Above is the artist with one of his works depicting the red shawl dance performed at some powwows by Native American women who have been affected by violence. The following are excerpts from the Steven Premo Bio for the exhibit program and best describes the artist and his work. The following split painting is titled "The tree of life".
“My art is, or I would like my art to be, a story of a historical Native narrative. Though not literal events, I strive to honor my heritage through emotional interpretations. If I painted my cultural icons, it would just be a record of my background. But if I paint in the language of the majority as it relates to my culture, then there initiates a dialogue. Thus, a better understanding."
“At a young age I knew I wanted to create. At age 15 I had a great urge to paint and use color. After working on my drawing skills, which I considered the basis of all painting, I finally began painting several years later. Primarily self-taught, I did have some instruction…”
“Rembrandt was a great influence in my beginning years. His grasp of light intrigued my sensibilities for allegory. The storytelling in the late of the evening served as a reminder to me of growing up on the reservation gathered around the kerosene lamp. Van Gogh’s 'Potato Eaters' was a recollection of my house. A later influence was Kathe Kollwitz’s incredible charcoal drawings and prints telling of suffering.”
The below Premo art is titled "He smokes his pipe and speaks of horses".
“I was also invited to create the Mille Lacs Band Pendleton blanket and won a National design contest for the a 40th Anniversary commemorative Pendleton blanket for the National Indian Education Association…”
“For the Hinckley Fire Museum I painted a mural of an old man’s survival story of the 1896 fire. Along with George Parry, I participated in painting a large mural at the Lac Courte Orellies Cultural Center.”

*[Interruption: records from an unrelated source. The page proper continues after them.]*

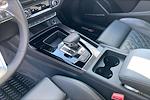 Used 2025 Audi SQ5 Premium Plus for sale #T13131A - photo 17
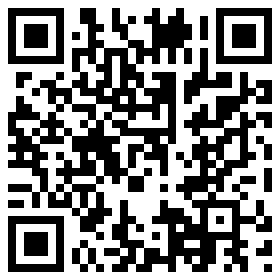 QR code for this page Totowa,New jersey
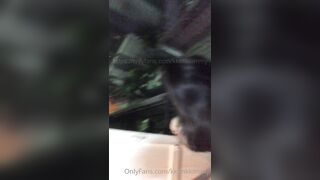 Kimmy Sun (kkimkkimmy) OnlyFans Leaks Malaysian Japanese Girl Porn Video 74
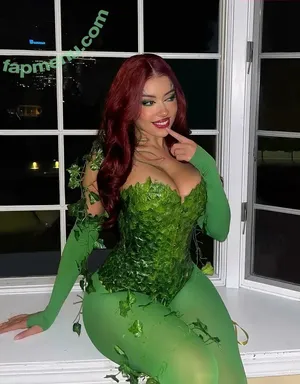 Barbara Batista / barbsss_x nude photo #0320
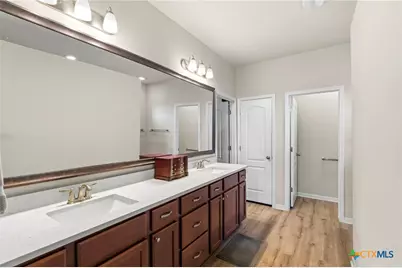 611 Raven Drive, Temple, TX 76502 - Photo 23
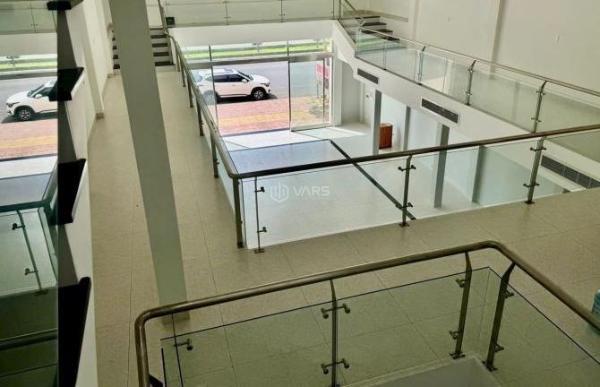 Bán Đất nền riêng lẻ 200m²
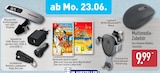 Blaupunkt Kofferwaage im Angebot bei ALDI Nord in Peine Blaupunkt Kofferwaage Angebote von Blaupunkt bei ALDI Nord Peine für 9,99 €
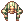 Sphinx Hat [1]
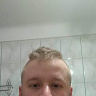 Drek95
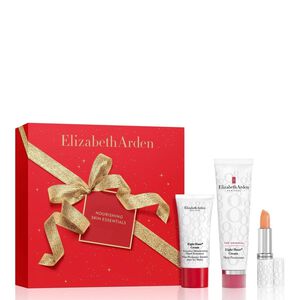 Eight Hour Cream&reg;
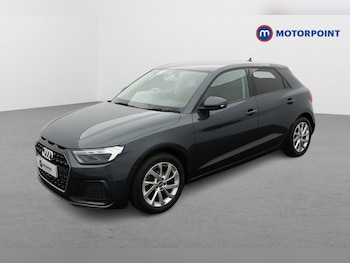 Used Audi A1 2021 for sale - 76569015: Photo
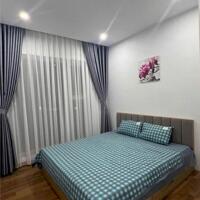 Do chuyển định cư không sử dụng nên cần bán căn hộ 3Pn 96m2 View Biển trung tâm Bãi Cháy, Hạ Long.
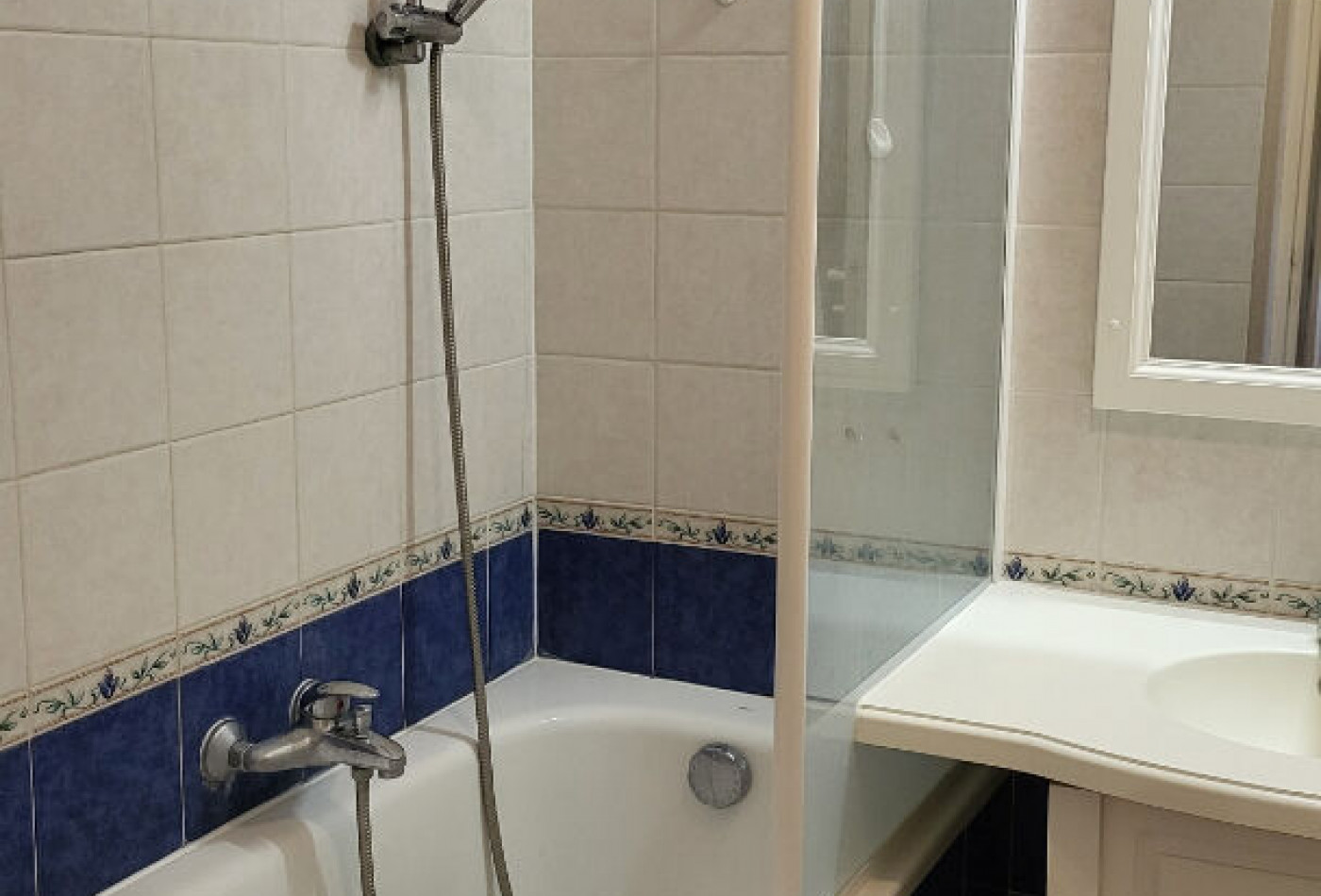 vente Appartement Les Issambres - Photo 8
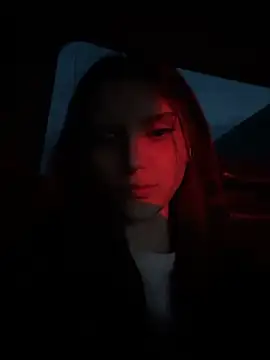 AnitaFly 실시간 채팅방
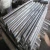 Import ASTM 4140 high tensile steel round bar from China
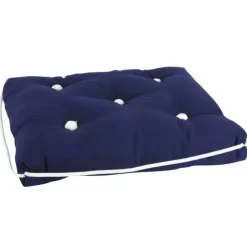 Best Kapok Coussin flottant simple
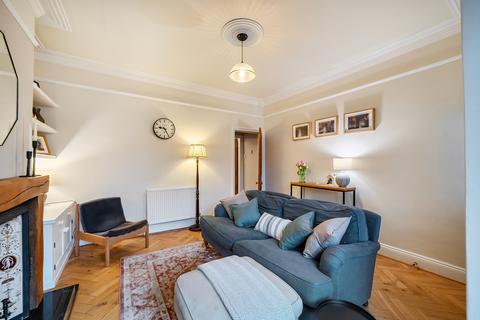 4 bedroom terraced house for sale, Methley Grove, Leeds LS7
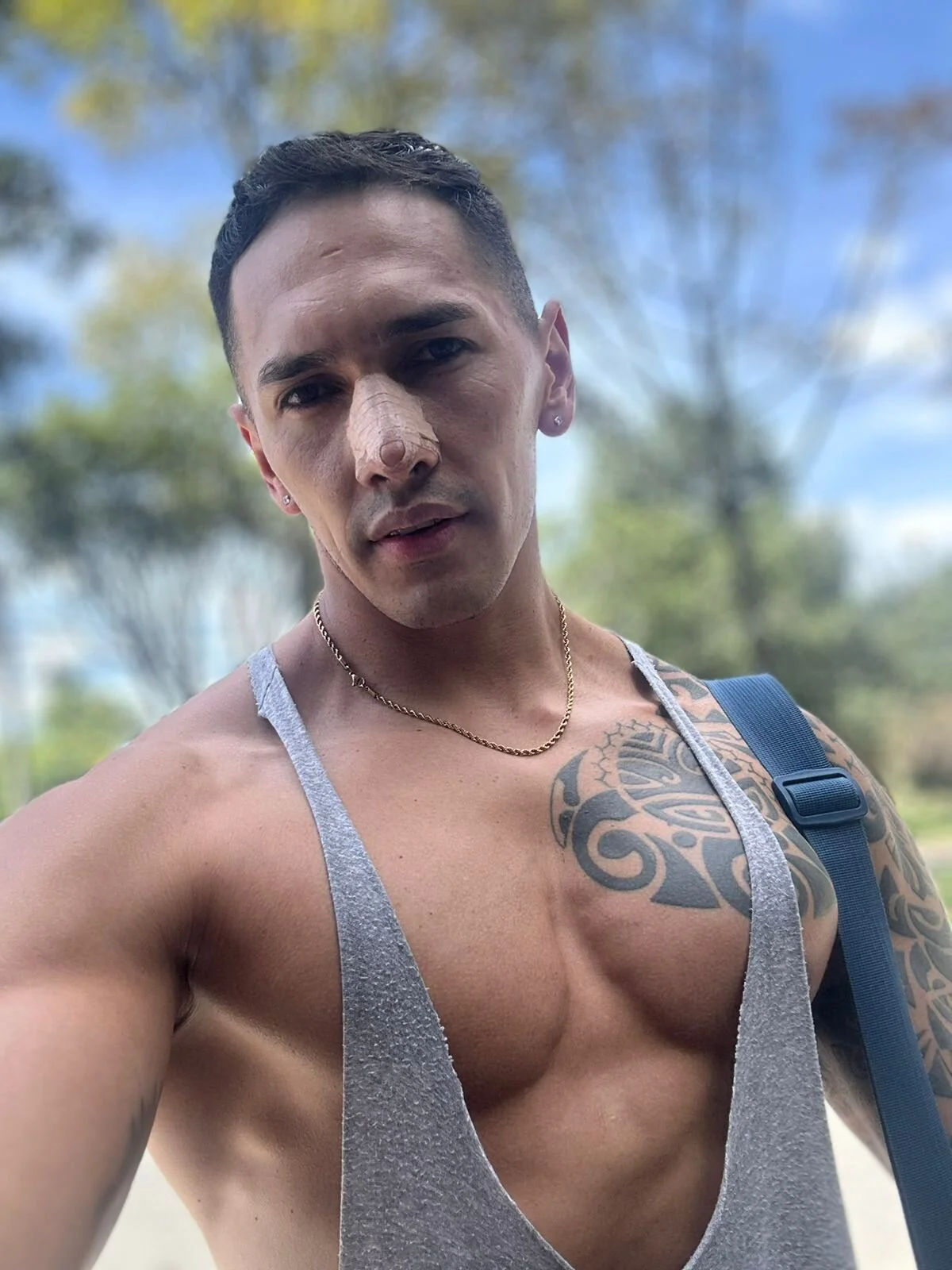 Joylopez_fit immagine di tendenza 7042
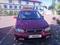 Honda Odyssey 1997 годаүшін1 800 000 тг. в Астана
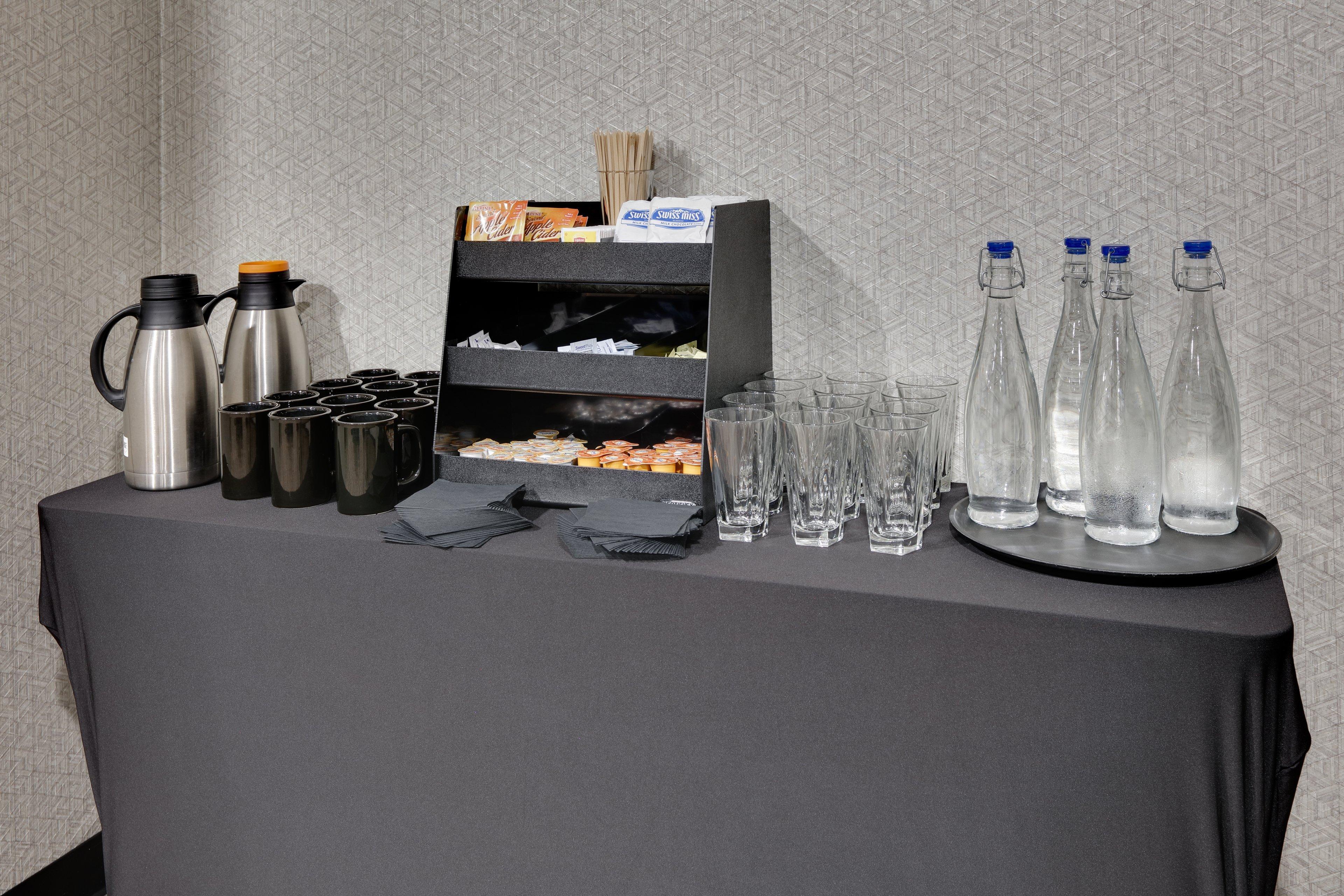 Holiday Inn Twin Falls By Ihg Екстер'єр фото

The below image is of the Hinckley mural fire on display outside of the museum. It was done as a five year display and is still available 14 years later.
“Two of my most recent achievements and honors was (first) being asked to create a War Memorial plaque honoring the Minnesota American Indian Veterans…Then on January 15, 2014 in Las Vegas I received the National Pyramid Award for the 2013 Mille Lacs Band calendar that I created.” Below is the award winning National Pyramid Award and calendar.
Steve Premo is not a new artist to The Edge Center and its gallery. He has been a guiding force as The Edge moves toward more involvement in Native American culture and exhibits. His work was part of the gallery’s exhibits "This is Displacement" and "Powwow Perspectives."